» **Data**
- - -

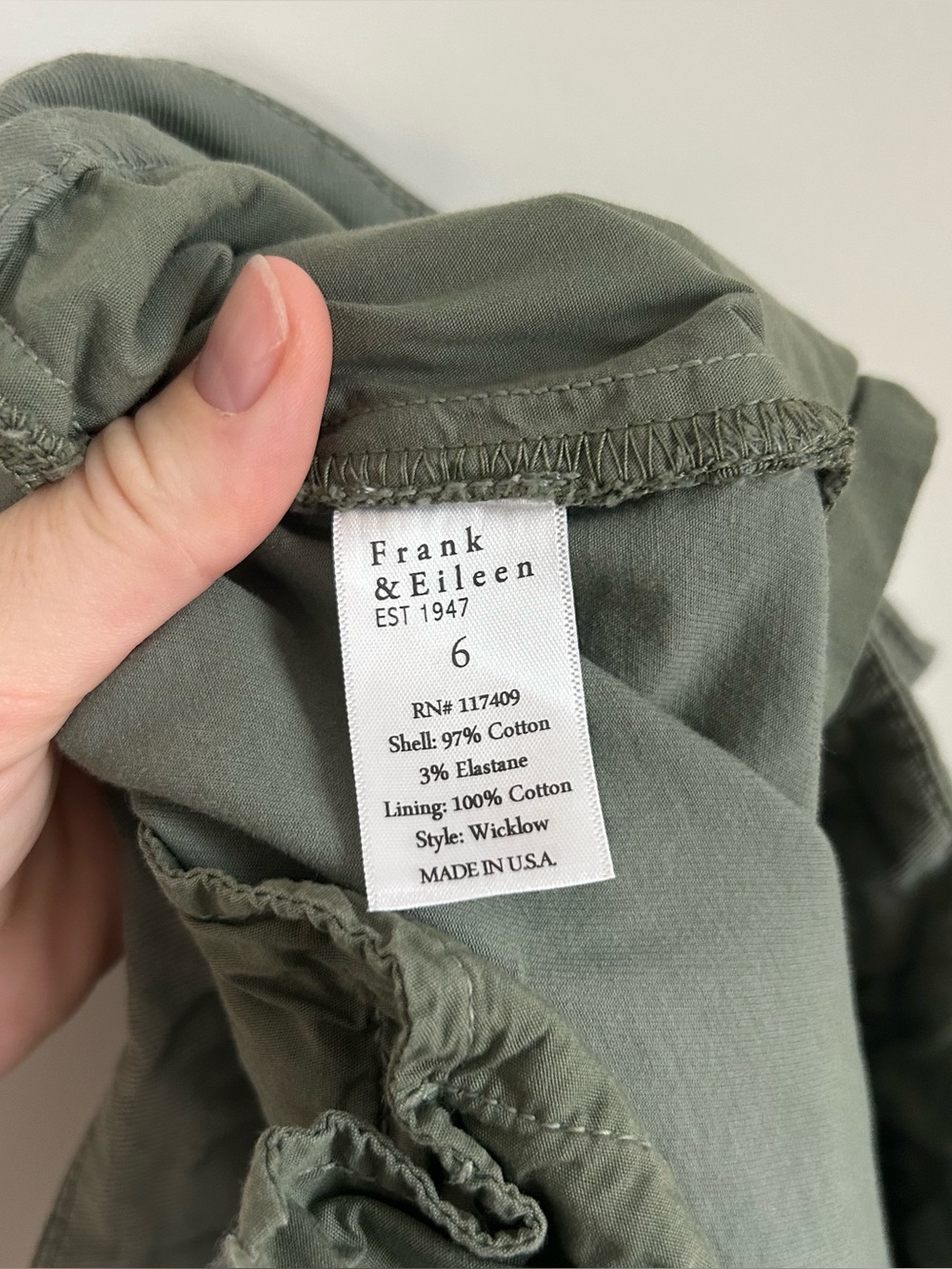 Frank & Eileen Wicklow Pants Olive Green Size 6 - Picture 8 of 10
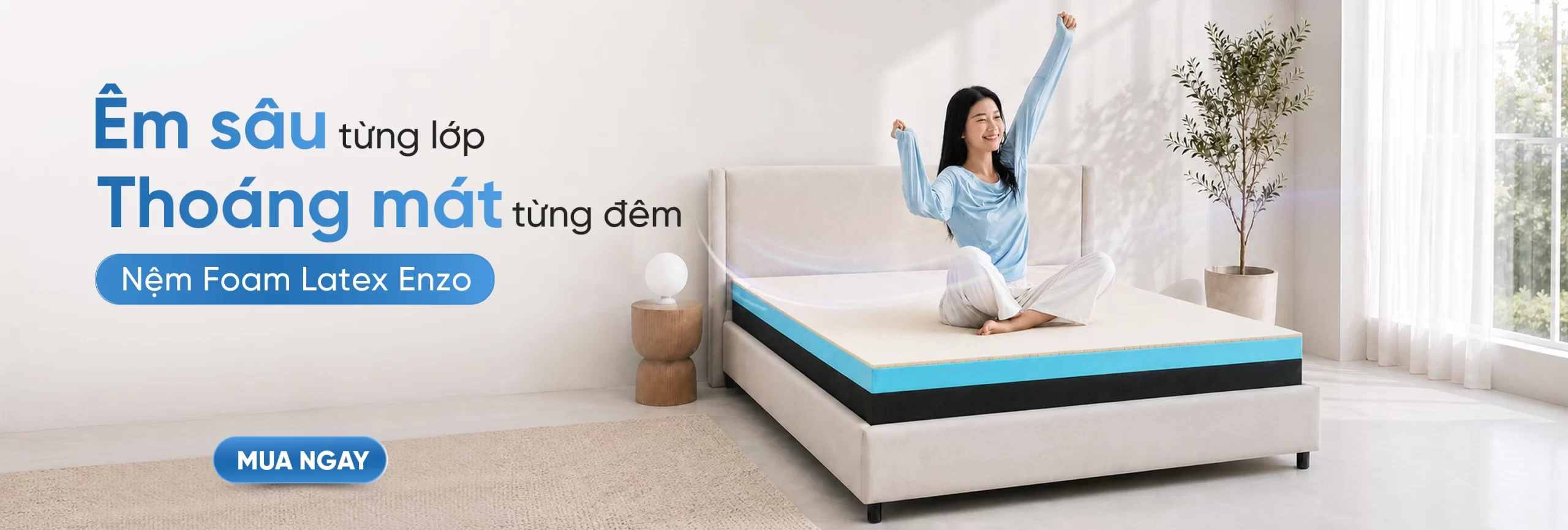 Nệm Foam Latex Việt Nhật Enzo — êm sâu từng lớp, thoáng mát từng đêm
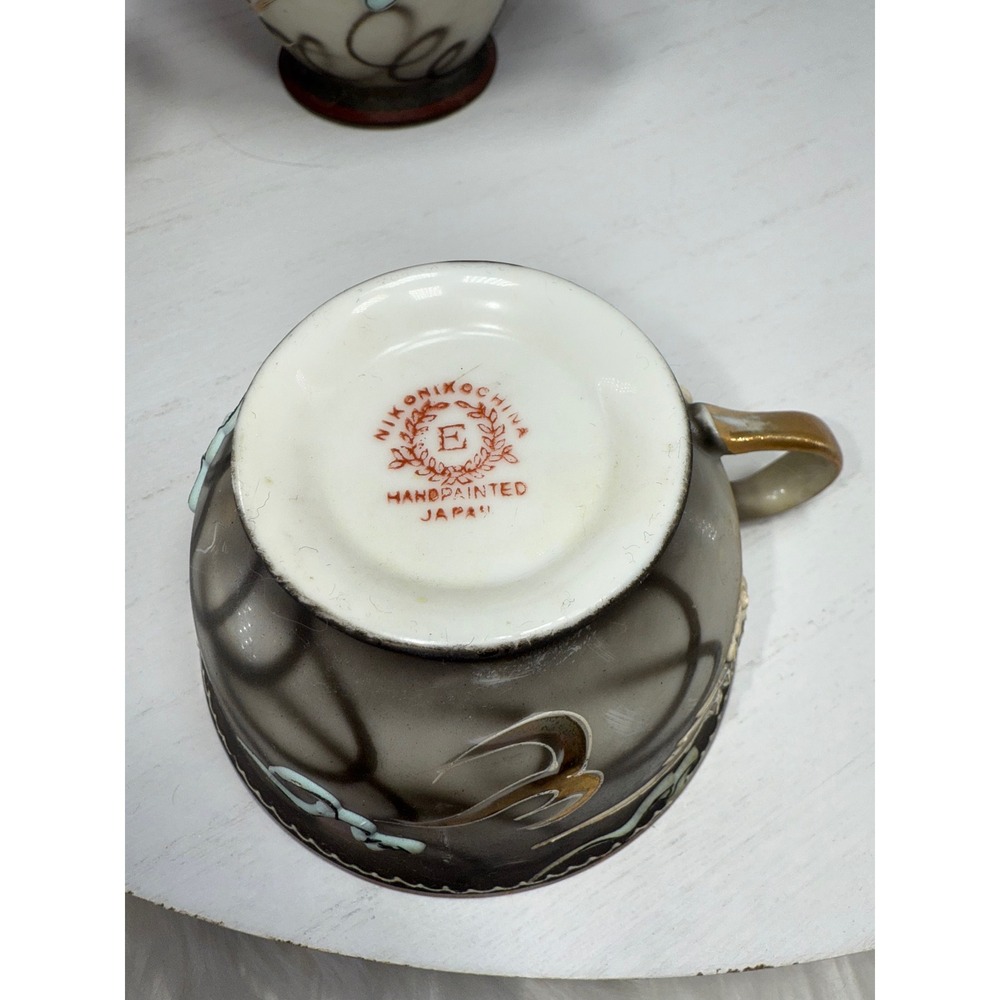 Vintage Handpainted Japan Dragon Creamer Pitcher and Two Cups Set Nikko - Picture 8 of 13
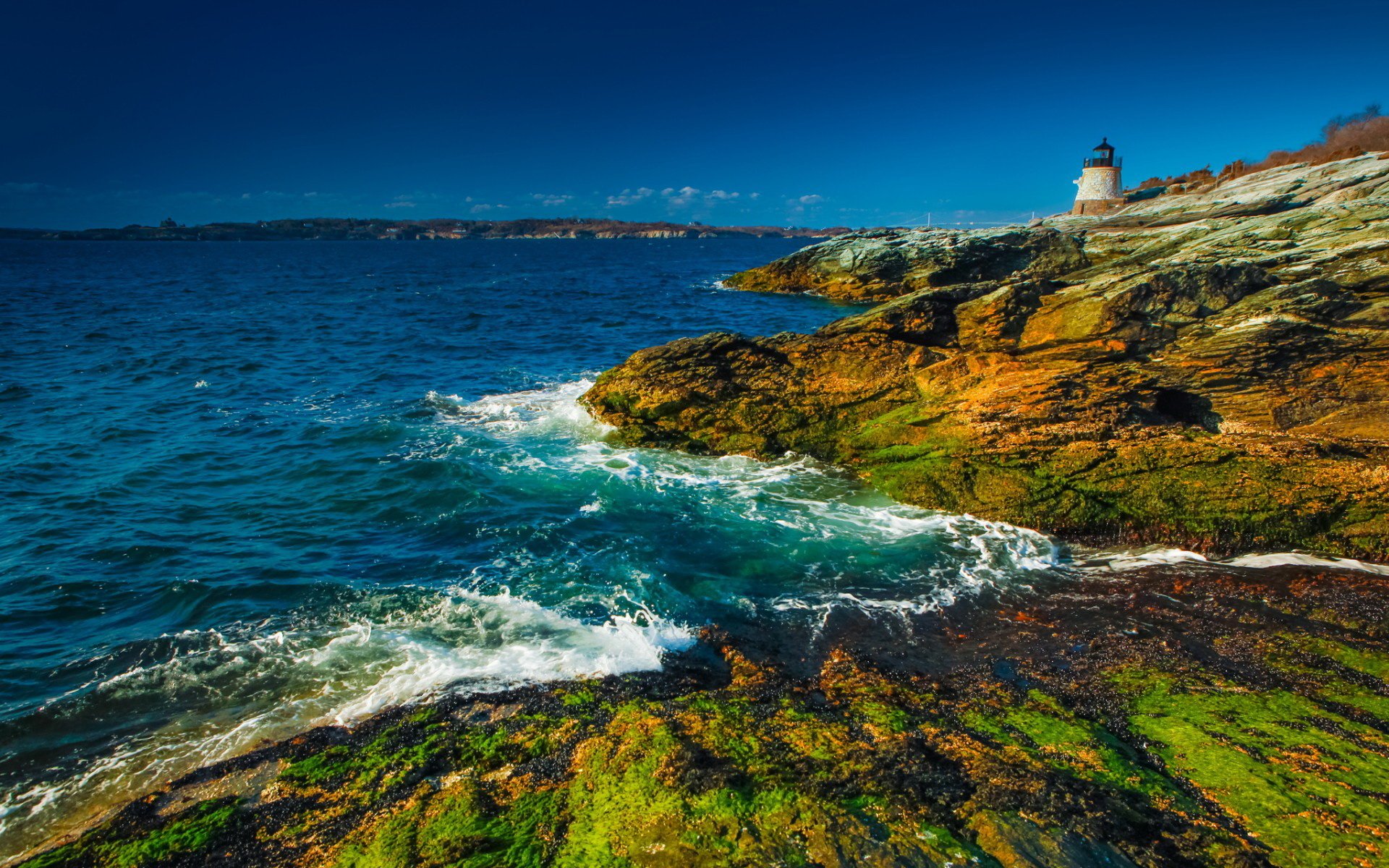 Scenic Lighthouse: A Stunning HD Wallpaper of Man-Made Beauty ...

- - -

» **Task objective**
Repeat the material exactly as it reads, without any of its pictures.

» **Task response**
 Frank & Eileen Wicklow Pants Olive Green Size 6 - Picture 8 of 10
 Nệm Foam Latex Việt Nhật Enzo — êm sâu từng lớp, thoáng mát từng đêm
 Vintage Handpainted Japan Dragon Creamer Pitcher and Two Cups Set Nikko - Picture 8 of 13
 Scenic Lighthouse: A Stunning HD Wallpaper of Man-Made Beauty ...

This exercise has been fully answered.